The Packers don’t allow significant parts of practices to be discussed by reporters. But from what has been possible to see, Watson is still very limited in his movements. It’s hard to believe he’ll fully practice in the next week or two.
The Packers will have three preseason games in August: at San Francisco 49ers (Aug. 12), vs. New Orleans Saints (Aug. 19), and at Kansas City Chiefs (Aug. 25).
All of the reasons Christian Watson may take more time to hit his stride — his rawness and history of facing lesser competition in the FCS — will be more pronounced without perfect preparation. These practices and preseason games could have been an essential step for Watson’s development and acclimation to the NFL.
The Packers have experienced similar problems, especially with the 2020 draft class. That year, the NFL reduced training camp, and there were no preseason games because of COVID. As a result, Green Bay had almost no immediate impact from their rookies. Even today, Jordan Love and Josiah Deguara suffer a little bit because they lost an important initial step. Even a more pro-ready prospect like A.J. Dillon only started to have a real impact in his second season.
The Packers should use more of their veteran receivers to begin the year — a typical pattern with Aaron Rodgers under center. Allen Lazard, Sammy Watkins, and Randall Cobb may be the starters in the first weeks. Even among rookies, Doubs certainly is ahead of Watson. First, because he is a more polished prospect, but also the difference might get bigger early on considering that Doubs has been one of the highlights of Packers training camp. The ability to develop trust and connection with Rodgers is a factor, and it’s harder to do that during the season.
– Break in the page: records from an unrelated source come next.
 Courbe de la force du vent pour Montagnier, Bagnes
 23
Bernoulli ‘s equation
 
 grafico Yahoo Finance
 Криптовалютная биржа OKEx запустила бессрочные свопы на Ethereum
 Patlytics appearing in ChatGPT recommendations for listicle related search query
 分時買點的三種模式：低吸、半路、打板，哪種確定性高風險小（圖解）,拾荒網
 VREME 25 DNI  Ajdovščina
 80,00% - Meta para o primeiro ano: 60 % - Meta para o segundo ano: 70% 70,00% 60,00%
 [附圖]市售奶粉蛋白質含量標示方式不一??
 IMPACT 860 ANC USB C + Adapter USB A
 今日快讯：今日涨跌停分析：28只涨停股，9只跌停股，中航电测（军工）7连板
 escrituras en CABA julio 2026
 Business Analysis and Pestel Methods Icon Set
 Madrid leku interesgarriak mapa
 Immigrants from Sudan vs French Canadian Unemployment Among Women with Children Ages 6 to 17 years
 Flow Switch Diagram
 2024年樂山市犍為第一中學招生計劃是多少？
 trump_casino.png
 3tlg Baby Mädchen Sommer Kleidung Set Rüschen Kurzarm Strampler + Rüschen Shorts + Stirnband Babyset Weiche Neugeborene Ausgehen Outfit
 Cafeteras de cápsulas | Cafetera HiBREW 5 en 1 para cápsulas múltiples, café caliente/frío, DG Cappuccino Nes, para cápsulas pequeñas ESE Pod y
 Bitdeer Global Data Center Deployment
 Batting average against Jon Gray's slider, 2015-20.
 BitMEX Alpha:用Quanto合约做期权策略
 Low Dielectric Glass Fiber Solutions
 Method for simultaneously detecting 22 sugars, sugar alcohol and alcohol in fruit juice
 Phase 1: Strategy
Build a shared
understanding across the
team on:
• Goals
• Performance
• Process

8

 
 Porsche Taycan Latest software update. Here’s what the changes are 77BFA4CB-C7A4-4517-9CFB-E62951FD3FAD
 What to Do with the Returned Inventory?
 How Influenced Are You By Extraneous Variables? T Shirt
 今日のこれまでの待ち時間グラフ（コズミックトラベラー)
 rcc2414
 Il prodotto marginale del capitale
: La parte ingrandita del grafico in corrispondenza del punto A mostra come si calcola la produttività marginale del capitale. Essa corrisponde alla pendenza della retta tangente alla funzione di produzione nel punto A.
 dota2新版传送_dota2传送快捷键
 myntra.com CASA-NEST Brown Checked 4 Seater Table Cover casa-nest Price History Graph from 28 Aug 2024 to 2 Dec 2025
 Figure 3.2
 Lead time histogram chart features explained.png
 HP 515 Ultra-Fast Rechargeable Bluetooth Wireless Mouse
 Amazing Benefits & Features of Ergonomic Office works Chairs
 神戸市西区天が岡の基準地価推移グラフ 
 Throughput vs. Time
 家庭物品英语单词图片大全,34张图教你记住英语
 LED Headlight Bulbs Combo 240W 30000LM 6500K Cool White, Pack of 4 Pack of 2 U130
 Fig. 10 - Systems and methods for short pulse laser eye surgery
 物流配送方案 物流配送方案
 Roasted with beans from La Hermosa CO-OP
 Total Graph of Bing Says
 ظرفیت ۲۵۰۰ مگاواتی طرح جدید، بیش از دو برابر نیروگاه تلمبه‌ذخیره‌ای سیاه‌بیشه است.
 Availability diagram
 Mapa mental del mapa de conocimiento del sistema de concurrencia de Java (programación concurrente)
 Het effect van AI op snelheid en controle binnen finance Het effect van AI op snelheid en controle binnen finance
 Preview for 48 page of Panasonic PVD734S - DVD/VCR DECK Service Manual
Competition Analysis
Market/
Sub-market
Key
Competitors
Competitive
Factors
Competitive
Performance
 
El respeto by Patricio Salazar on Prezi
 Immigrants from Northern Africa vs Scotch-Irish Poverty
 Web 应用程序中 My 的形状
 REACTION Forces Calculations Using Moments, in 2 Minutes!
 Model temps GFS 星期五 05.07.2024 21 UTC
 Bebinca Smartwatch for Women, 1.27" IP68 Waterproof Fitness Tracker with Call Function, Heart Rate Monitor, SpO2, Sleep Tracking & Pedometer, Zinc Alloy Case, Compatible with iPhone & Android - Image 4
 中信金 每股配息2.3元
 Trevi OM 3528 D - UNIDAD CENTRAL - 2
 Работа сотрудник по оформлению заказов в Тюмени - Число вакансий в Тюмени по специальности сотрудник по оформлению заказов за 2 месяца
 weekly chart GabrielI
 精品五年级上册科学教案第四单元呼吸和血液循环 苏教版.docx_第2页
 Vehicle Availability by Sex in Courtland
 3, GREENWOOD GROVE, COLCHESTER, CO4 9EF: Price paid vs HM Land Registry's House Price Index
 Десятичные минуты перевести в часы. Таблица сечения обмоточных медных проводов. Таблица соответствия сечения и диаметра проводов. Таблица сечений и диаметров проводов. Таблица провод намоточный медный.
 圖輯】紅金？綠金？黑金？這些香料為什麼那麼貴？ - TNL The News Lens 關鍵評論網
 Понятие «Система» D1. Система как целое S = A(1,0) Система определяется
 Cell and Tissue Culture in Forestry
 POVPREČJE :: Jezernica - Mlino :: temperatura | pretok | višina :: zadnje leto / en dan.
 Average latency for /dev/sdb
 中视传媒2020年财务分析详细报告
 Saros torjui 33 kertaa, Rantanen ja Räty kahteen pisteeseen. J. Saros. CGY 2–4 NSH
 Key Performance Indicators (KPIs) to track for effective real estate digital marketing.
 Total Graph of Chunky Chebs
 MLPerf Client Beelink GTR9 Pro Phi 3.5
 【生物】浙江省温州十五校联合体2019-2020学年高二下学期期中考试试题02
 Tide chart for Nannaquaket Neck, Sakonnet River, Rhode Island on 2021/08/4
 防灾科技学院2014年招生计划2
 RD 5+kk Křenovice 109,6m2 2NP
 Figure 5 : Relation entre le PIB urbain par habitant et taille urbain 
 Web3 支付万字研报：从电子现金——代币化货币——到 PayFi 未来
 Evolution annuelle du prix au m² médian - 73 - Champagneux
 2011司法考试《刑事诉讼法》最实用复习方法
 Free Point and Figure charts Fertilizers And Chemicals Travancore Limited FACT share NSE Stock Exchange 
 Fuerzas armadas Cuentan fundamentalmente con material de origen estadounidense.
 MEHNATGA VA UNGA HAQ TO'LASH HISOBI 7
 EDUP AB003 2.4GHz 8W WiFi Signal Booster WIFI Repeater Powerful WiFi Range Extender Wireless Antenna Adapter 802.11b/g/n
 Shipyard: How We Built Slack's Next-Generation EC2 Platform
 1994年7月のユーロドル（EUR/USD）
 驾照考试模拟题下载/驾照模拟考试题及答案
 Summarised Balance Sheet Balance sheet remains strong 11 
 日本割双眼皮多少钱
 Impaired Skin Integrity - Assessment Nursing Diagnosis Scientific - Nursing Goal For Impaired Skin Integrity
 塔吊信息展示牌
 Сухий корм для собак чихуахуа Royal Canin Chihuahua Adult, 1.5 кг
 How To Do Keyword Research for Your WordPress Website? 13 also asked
Watson will have to learn the intricacies of the offense fast when he’s back, and Matt LaFleur might need to develop a different plan to ease him into the system. Maybe Watson is a designated deep threat or manufactured horizontal touches – parts of his game that were present at North Dakota State. That may allow him to develop other areas as the season goes on.
Christian Watson is a special prospect and might be good immediately if the Packers’ offensive coaching staff can maximize his skill set, particularly as a deep threat. But it’s essential to remember that Watson is a long-term investment, and the Packers (and especially their fans) can’t overreact if things don’t go perfectly from the jump.